I tried to simulate ad optimization using the bandit algorithm.

Introduction

The purpose of this entry is to understand the characteristics of each method of the bandit algorithm by performing simulations assuming actual use cases.

The following Qiita post is often referred to in Japanese about the bandit algorithm. http://qiita.com/yuku_t/items/6844aac6008911401b19

The following materials also introduce the details and features of each method and simple simulations. http://www.slideshare.net/greenmidori83/ss-28443892

Since the introduction of the method in the above material is very easy to understand, we will not introduce the method in this entry.

Assumed use case

You are currently running an ad that has been displayed 10,000 times and has a click rate of 1.2% for 60 yen per click. I decided to try different patterns of banners to find more clicked ads. I made 10 new banners. Suppose two of these banners have a better CTR than the current one, three are the same as the current ad, and the other five have a lower CTR than the current one.

--1.3% 2 pieces --1.2% is 3 --1.1% is 3 --Two 1.0%

Why you want to increase your CTR

It has nothing to do with the main subject, but why do you want to increase the click rate, and why does it make sense to experiment when the click rate increases by only 0.1%? Let's think about that. You might think that increasing your CTR doesn't make sense because you pay the same amount of money each time you click. However, from the perspective of the advertiser, placing an ad with a low click rate will reduce sales, so if the click rate is low, it will be difficult to display the ad. At that time, an index called eCPM is often used. eCPM is an index of how much sales can be made by displaying the advertisement 1000 times. Click rate * 1000 * Calculated by the cost per click.
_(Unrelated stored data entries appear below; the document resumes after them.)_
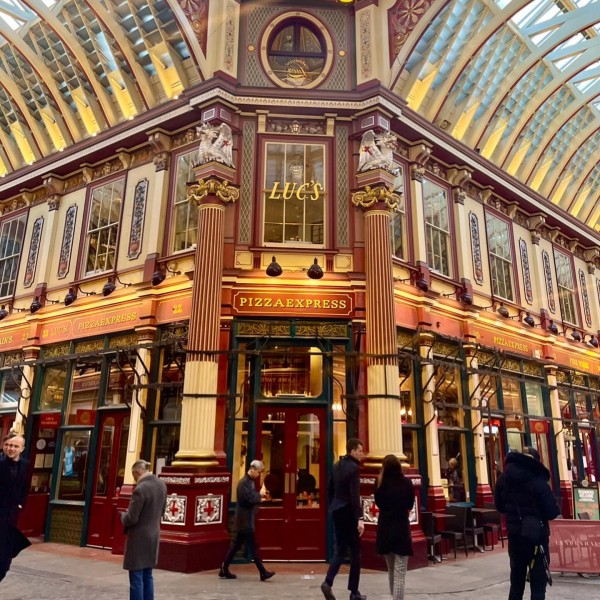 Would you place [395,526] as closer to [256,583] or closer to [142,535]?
[142,535]

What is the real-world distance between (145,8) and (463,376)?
11839 mm

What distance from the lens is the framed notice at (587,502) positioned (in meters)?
11.8

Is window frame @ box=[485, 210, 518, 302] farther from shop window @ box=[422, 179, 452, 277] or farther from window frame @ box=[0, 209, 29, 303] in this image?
window frame @ box=[0, 209, 29, 303]

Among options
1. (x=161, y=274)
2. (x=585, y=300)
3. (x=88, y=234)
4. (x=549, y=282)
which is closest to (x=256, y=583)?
(x=161, y=274)

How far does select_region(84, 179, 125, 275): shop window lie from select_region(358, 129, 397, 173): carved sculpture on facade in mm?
6113

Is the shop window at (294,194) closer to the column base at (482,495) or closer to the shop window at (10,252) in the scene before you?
the column base at (482,495)

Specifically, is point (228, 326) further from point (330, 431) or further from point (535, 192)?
point (535, 192)

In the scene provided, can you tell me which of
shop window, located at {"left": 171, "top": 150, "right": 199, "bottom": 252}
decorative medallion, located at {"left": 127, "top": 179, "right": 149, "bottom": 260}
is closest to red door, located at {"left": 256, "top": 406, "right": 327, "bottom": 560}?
shop window, located at {"left": 171, "top": 150, "right": 199, "bottom": 252}

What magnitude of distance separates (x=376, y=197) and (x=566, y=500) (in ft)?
34.2

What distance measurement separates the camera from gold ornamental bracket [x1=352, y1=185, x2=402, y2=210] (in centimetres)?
1150

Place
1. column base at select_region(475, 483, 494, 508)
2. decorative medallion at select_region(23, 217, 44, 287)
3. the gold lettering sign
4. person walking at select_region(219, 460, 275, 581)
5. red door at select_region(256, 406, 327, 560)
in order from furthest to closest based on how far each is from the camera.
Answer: decorative medallion at select_region(23, 217, 44, 287) < column base at select_region(475, 483, 494, 508) < the gold lettering sign < red door at select_region(256, 406, 327, 560) < person walking at select_region(219, 460, 275, 581)

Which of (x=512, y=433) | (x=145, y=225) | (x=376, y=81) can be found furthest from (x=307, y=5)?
(x=512, y=433)

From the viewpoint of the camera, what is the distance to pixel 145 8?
44.3 feet

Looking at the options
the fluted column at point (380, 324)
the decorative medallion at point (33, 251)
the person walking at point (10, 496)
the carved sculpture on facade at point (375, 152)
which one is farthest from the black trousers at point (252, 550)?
the decorative medallion at point (33, 251) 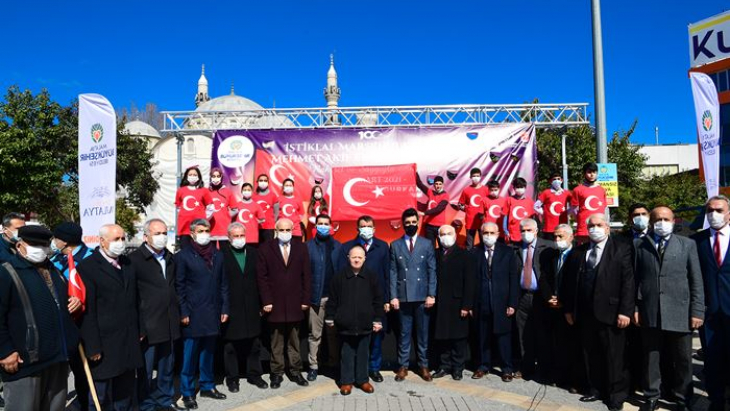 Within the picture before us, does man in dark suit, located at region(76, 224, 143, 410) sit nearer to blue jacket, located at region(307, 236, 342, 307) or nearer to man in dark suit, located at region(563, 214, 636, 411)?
blue jacket, located at region(307, 236, 342, 307)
Since ads with high EPCM are more likely to be displayed, increasing the click rate will allow many users to be directed to your landing page at the same cost per click. For example, in this case, the click rate is 1.2% and the cost per click is 60 yen, so the eCPM is 720 yen. If the click rate increases by 0.1%, the eCPM will be 780 yen. At that time, even if the cost per click is 56 yen, the eCPM will be 726 yen, which means that if the click rate increases by 0.1%, the unit price for getting the same amount of guidance to the landing page can be reduced by 4 yen. For example, if a product is purchased on that landing page at 1%, the cost of selling one product will be reduced by 400 yen. On a case-by-case basis, increasing CTR in this way is a very important factor in selling things through web advertising.

simulation

The implementation was borrowed from the following

https://github.com/johnmyleswhite/BanditsBook

Let's take a look at Epsilon Greedy, Softmax, UCB

Epsilon Greedy

Epsilon Greedy is a method of choosing an option that you do not think is the best now with a certain probability. First of all, I will try to search at about 10%. Let's try 1000 times.

execfile("core.py")
arm_rates = [0.012, 0.013, 0.013, 0.012, 0.012, 0.012, 0.011, 0.011, 0.011, 0.01, 0.01]
arms = [BernoulliArm(r) for r in arm_rates]
counts = [10000, 0, 0, 0, 0, 0, 0, 0, 0, 0, 0]
values = [0.012, 0, 0, 0, 0, 0, 0, 0, 0, 0, 0]
algo1 = EpsilonGreedy(0.1, counts, values)
for t in range(1000):
    chosen_arm = algo1.select_arm()
    reward = arms[chosen_arm].draw()
    algo1.update(chosen_arm, reward)
base 1 2 3 4 5 6 7 8 9 10
Number of trials 77 109 82 38 38 50 264 205 49 47 41
Evaluation probability 1.2% 0.9% 3.7% 0% 0% 2.0% 2.3% 2.0% 0% 0% 0%

You can't tell at all by trying 1,000 times with 11 options. This result will vary greatly from time to time as it also depends on the generation of random numbers.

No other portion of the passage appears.